To provide GIS to the widest possible range of users, it is necessary to embed GIS functionality and data inside other applications. This could be a helper application within a Web browser, functions embedded within word processing documents and spreadsheets, or mapping provided within non-GIS applications (eg, permit tracking, command and control or environmental monitoring systems). These applications require simple, focused user interfaces. However, they access advanced GIS logic to perform a few specific tasks.
Mobile computing is creating fundamental changes by adding the ability to take GIS with you into the field and interact directly with the world around you. Mobile GIS is composed of a number of technologies.
* Mobile hardware in the form of lightweight devices and ruggedised field PCs.
* Global positioning systems (GPSs).
* Wireless communications for Internet GIS access.
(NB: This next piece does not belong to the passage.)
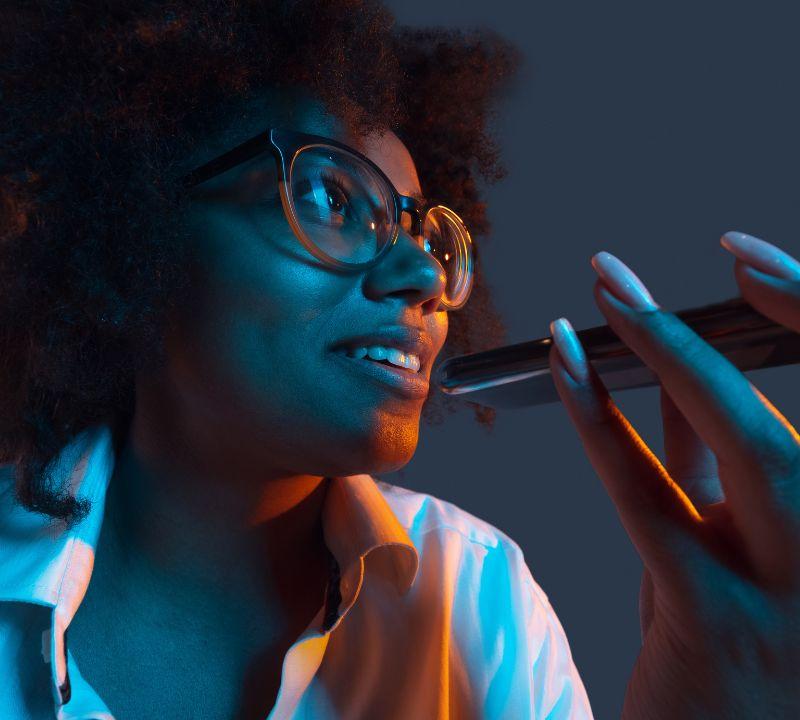 Woman holding a phone and searching Google, illustrating SEO tips that help a coach website rank for client searches Woman holding a phone and searching Google, illustrating SEO tips that help a coach website rank for client searches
Traditionally, the process of field data collection and editing has been time consuming and error prone. Geographic data has travelled into the field in the form of paper maps. Field edits were performed using sketches and notes on paper maps and clipboards. Once back in the office, these field edits were deciphered and manually entered into the GIS database. The result has been that GIS data has often not been as up-to-date or accurate as it should have been. Consequently, GIS analysis and decisions have been delayed.
Recent developments in mobile technologies have enabled GIS information to be taken into the field as digital maps on compact, powerful mobile computers, providing field access to enterprise geographic information. This enables organisations to add realtime (and near realtime) information to their enterprise database and applications, speeding up analysis, display, and decision making by using up-to-date, more accurate spatial data.
Server-based GIS technology
Server GIS is used for many kinds of centrally hosted GIS computing. The server-based GIS technology trend is growing. GIS software can be centralised in application servers to deliver GIS capabilities to large numbers of users over networks. Enterprise GIS users connect to central GIS servers using traditional desktop GIS as well as Web browsers, mobile computing devices, and digital appliances.
Comprehensive GIS capabilities must be provided to support a broad range of server GIS requirements. For example, server GIS can be used for:
* Managing large GIS databases.
* Internet delivery of geographic information.
* Hosting central GIS Web portals for information discovery and use.
* Centrally hosting GIS functions that are accessed by many users in an organisation.
* Back-office processing of enterprise GIS databases.
* Distributed GIS computing (such as distributed GIS data management and analysis).
* Internet delivery of comprehensive GIS functionality.
The concept of a GIS software seat has proven invaluable and is widely adopted by GIS professionals in nearly 200 000 organisations worldwide. In fact, this client-server computing model has been so successful that many only think of GIS within this context. However, the GIS vision is expanding.
Recent developments in computing-the growth of the Internet, advances in DBMS technology, object-oriented programming, mobile computing, and wide GIS adoption to-have led to an evolving vision and role for GIS.